Requirement: All of the listing, from first line to last, should be output exactly; the pictures stay out.

Information supplied:
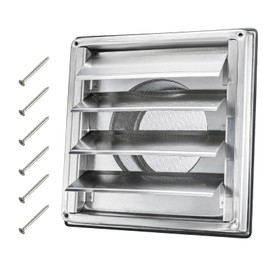 QWENETO 4" Metal Dryer Vent Cover Outside with Pest Guard Screen, 304 Stainless Steel Outdoor Exterior Wall Air Vent Cover with 6 Screws and Rubber Gasket for Bathroom Exhaust Vent Office Home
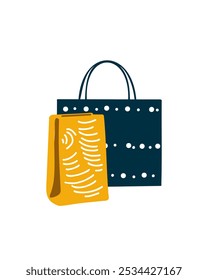 yellow and blue shopping bag, vector illustration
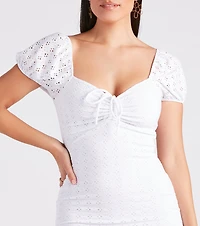 Dressing For Sunshine Eyelet Lace Mini Dress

Answer to this exercise:
 QWENETO 4" Metal Dryer Vent Cover Outside with Pest Guard Screen, 304 Stainless Steel Outdoor Exterior Wall Air Vent Cover with 6 Screws and Rubber Gasket for Bathroom Exhaust Vent Office Home
 yellow and blue shopping bag, vector illustration
 Dressing For Sunshine Eyelet Lace Mini Dress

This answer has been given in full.